[Captioned web image data]
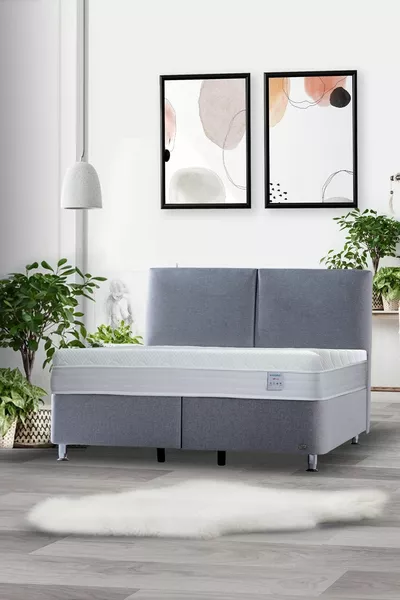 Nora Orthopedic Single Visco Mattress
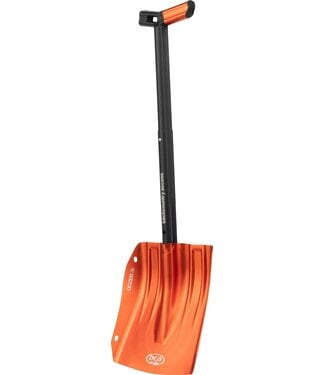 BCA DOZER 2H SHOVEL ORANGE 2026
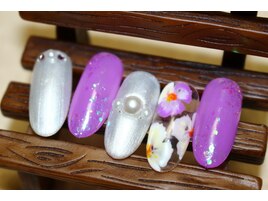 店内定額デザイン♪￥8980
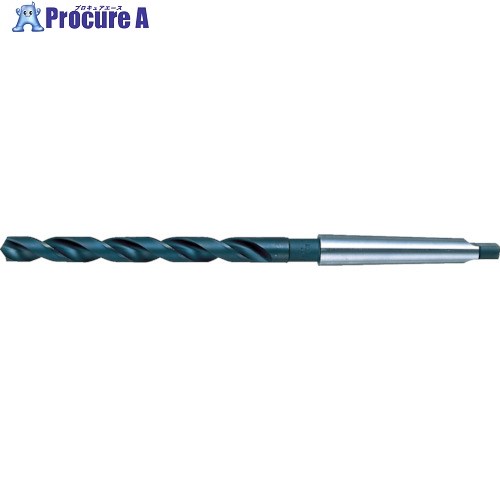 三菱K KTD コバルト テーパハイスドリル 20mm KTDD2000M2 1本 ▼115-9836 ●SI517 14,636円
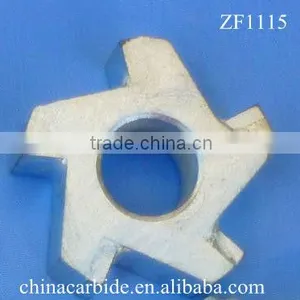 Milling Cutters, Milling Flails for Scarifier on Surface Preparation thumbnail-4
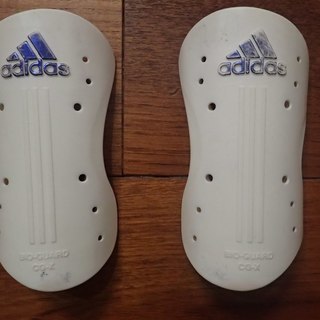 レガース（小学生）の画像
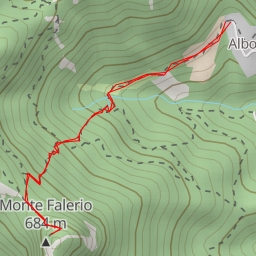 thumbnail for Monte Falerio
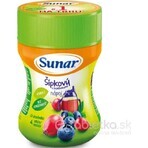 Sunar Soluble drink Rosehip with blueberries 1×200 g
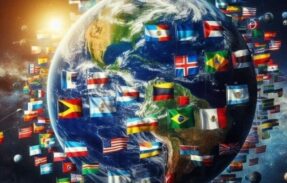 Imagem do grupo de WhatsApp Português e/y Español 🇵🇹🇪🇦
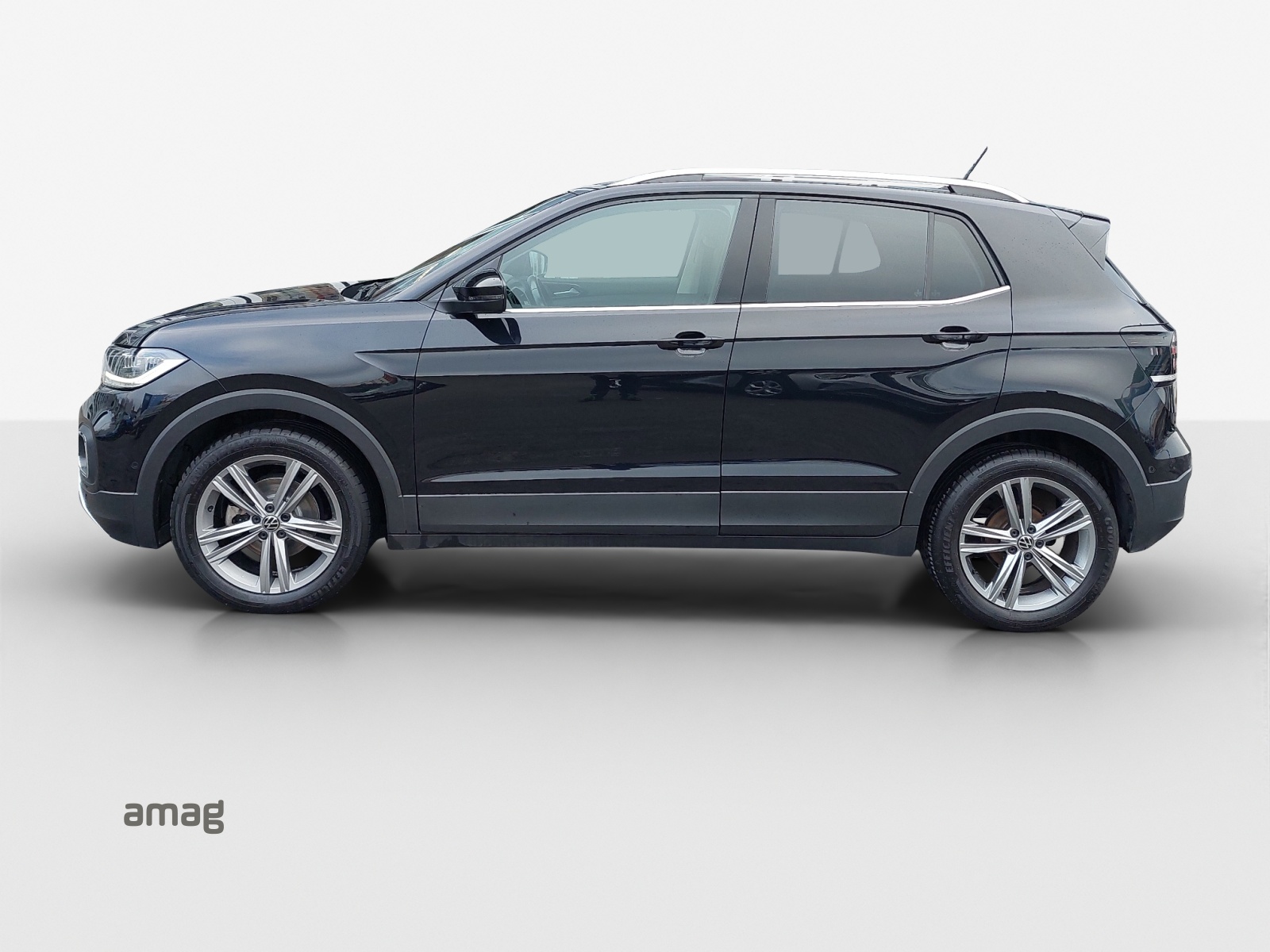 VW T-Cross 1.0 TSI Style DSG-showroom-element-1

## [Task item]
Return exactly, with no pictures, each line from the one that contains "Imagem do grupo" through the end of the entries above, both ends included.

## [Task solution]
 Imagem do grupo de WhatsApp Português e/y Español 🇵🇹🇪🇦
 VW T-Cross 1.0 TSI Style DSG-showroom-element-1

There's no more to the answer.